Already, 60 enterprises have partnered with the Hong Kong-Shenzhen Innovation and Technology (I&T) Park, 24 of them aiming to set up shop or expand operations. They will invest billions of dollars and create thousands of jobs.

The mix of companies is encouraging. Enterprises from nine economies were on hand to sign the partnership deal, including mainland China and Hong Kong, but also the United States, Britain, Australia, France, Singapore, Thailand and Japan.
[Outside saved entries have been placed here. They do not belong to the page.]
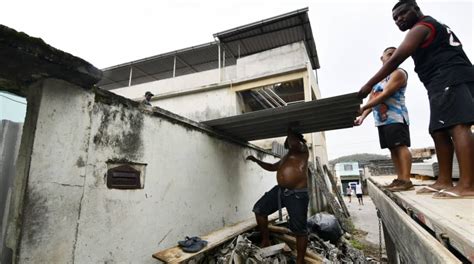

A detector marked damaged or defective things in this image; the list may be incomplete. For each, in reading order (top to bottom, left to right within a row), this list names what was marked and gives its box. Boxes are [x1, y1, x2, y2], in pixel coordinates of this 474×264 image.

cracked concrete wall [17, 78, 278, 262]
wall with peeling paint [17, 78, 278, 264]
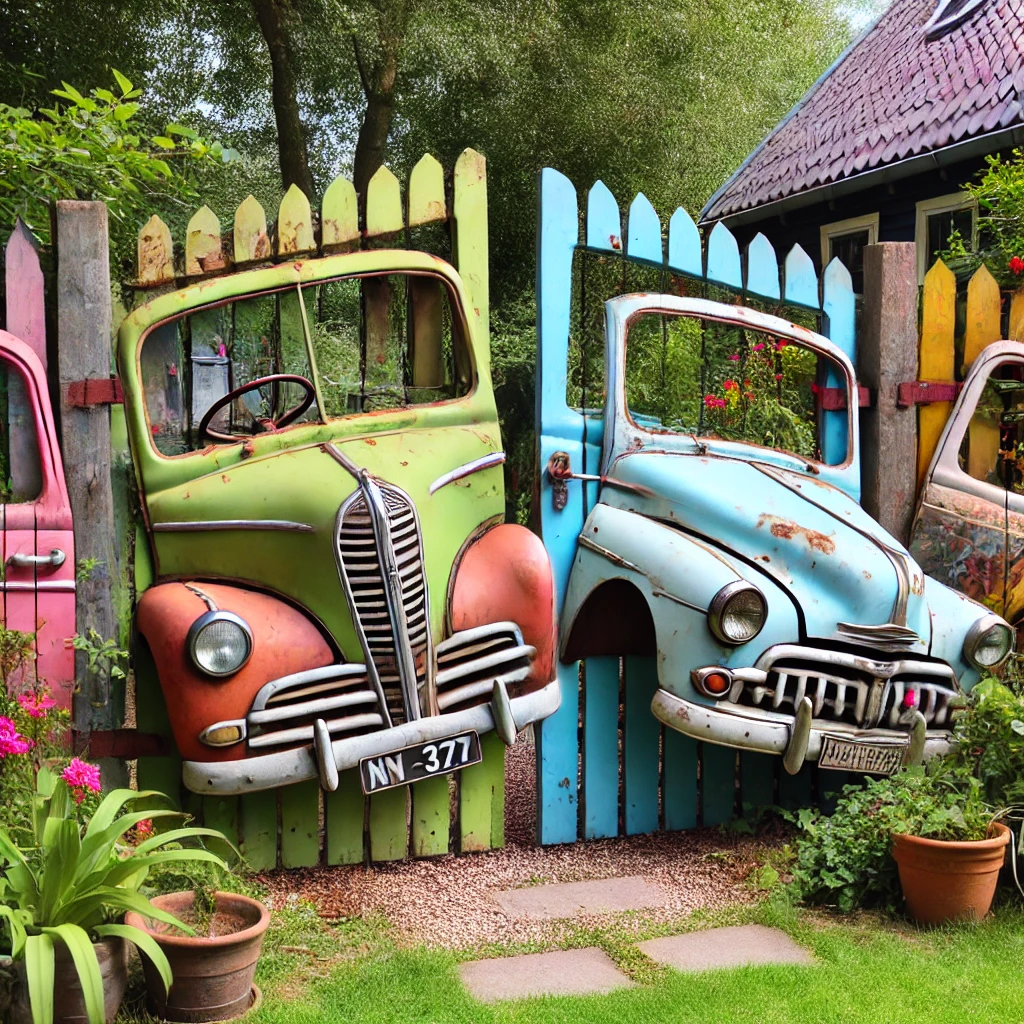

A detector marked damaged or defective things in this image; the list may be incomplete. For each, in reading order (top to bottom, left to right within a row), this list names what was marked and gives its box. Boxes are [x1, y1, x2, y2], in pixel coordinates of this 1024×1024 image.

rust spot on metal [757, 516, 835, 557]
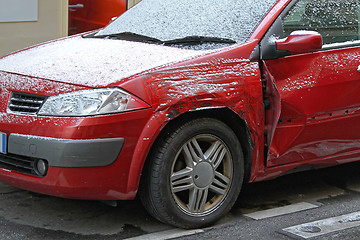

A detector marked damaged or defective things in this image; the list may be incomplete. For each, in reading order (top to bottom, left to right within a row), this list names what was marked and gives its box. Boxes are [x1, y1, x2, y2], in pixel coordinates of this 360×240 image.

damaged door [260, 0, 360, 167]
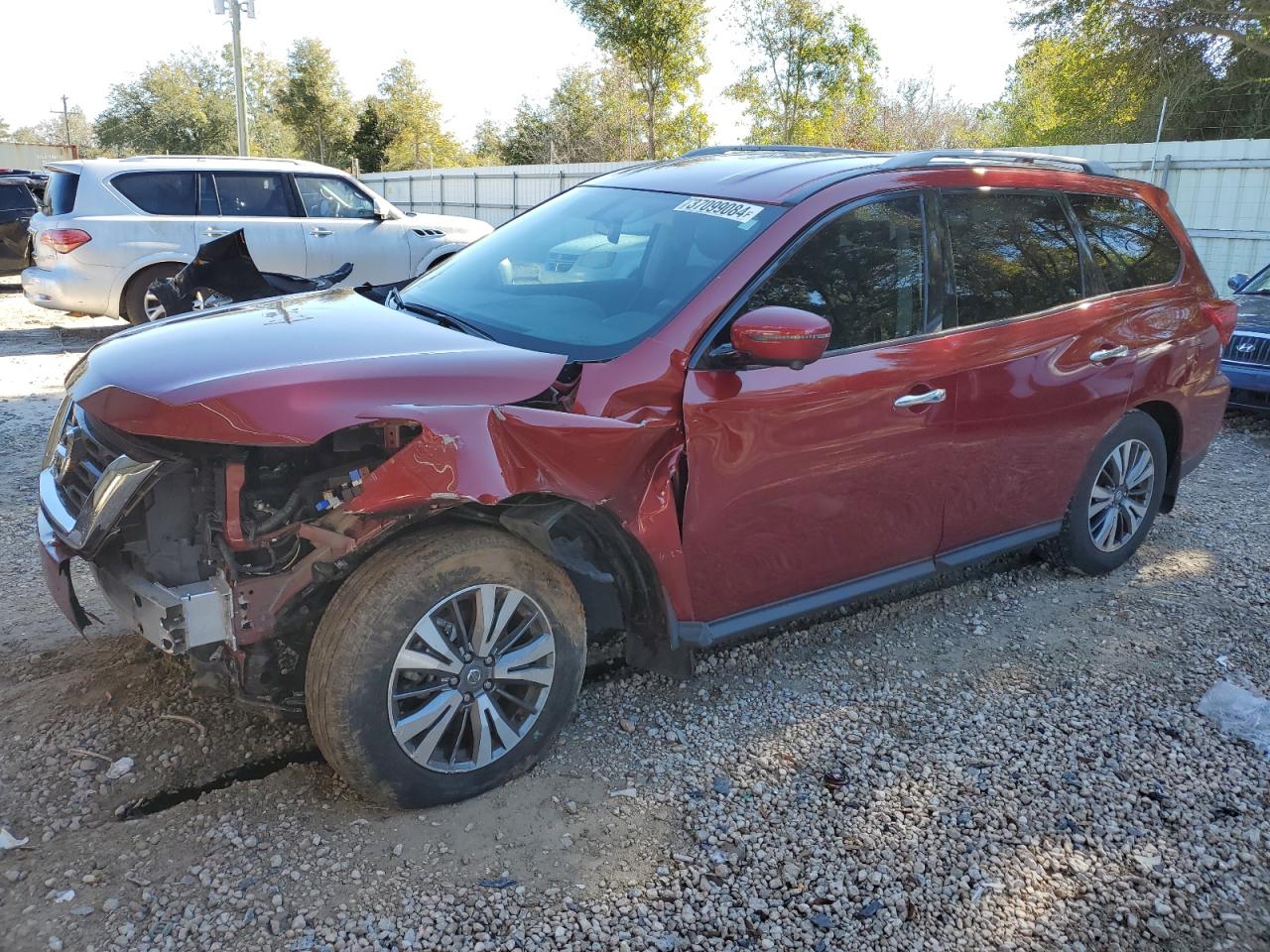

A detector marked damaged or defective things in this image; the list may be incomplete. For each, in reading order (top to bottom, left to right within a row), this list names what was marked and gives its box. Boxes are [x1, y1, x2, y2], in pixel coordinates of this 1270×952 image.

white damaged suv [23, 155, 496, 321]
cracked hood [68, 286, 564, 446]
damaged red suv [37, 149, 1230, 801]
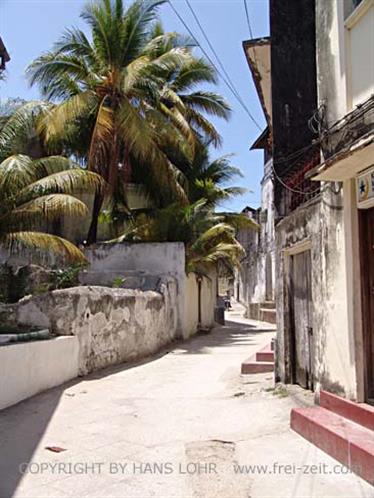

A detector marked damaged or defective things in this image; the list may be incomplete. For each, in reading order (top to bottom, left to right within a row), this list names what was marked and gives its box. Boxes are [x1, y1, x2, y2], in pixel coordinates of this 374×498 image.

Companies include Alibaba’s Hong Kong Entrepreneurs Fund, China Mobile, China Unicom, Lenovo Group, Hutchmed (Hong Kong) and Tencent Cloud International.

A quarter are from overseas, including US firms Drug Farm and ASC Therapeutics, Britain’s AstraZeneca and Novotech (Australia).

“This diverse portfolio highlights Hong Kong’s unique advantage as an international city,” Innovation, Technology and Industry Secretary Sun Dong said.

About 60 enterprises forge partnerships with new Hong Kong I&T park

Nearly half the enterprises are from the life and health technology, new energy and microelectronics sectors. Some tenants would set up shop in two wet laboratory buildings for physical testing and advanced R&D centres.

Others would support innovation and technology development. One tenant aims to start a biotech testing centre in hopes of achieving medical breakthroughs. A maker of cancer drugs and targeted therapies also plans an R&D centre. A third is building an integrated cancer diagnostic and treatment centre for one-stop service involving R&D, production and treatment.

The Lok Ma Chau Loop park’s strategic location at the mainland border will help provide ready access to the Greater Bay Area, a grouping of nine mainland cities, Macau and Hong Kong, supporting cross-border exchanges of talent and people.

Hong Kong, with low taxes and access to international capital markets, is uniquely placed to facilitate access between the mainland and overseas markets.

Naturally, success will not be achieved overnight. Research and development takes time, and ultimately success of the park will be measured in part by how much progress is eventually made.

Slowly but surely the city is moving in the right direction. What remains to be seen is how smoothly things progress once businesses are operating and things are up and running.

If all goes according to plan, the focus on research and development will help the city on its way to becoming Asia’s innovation and hi-tech hub.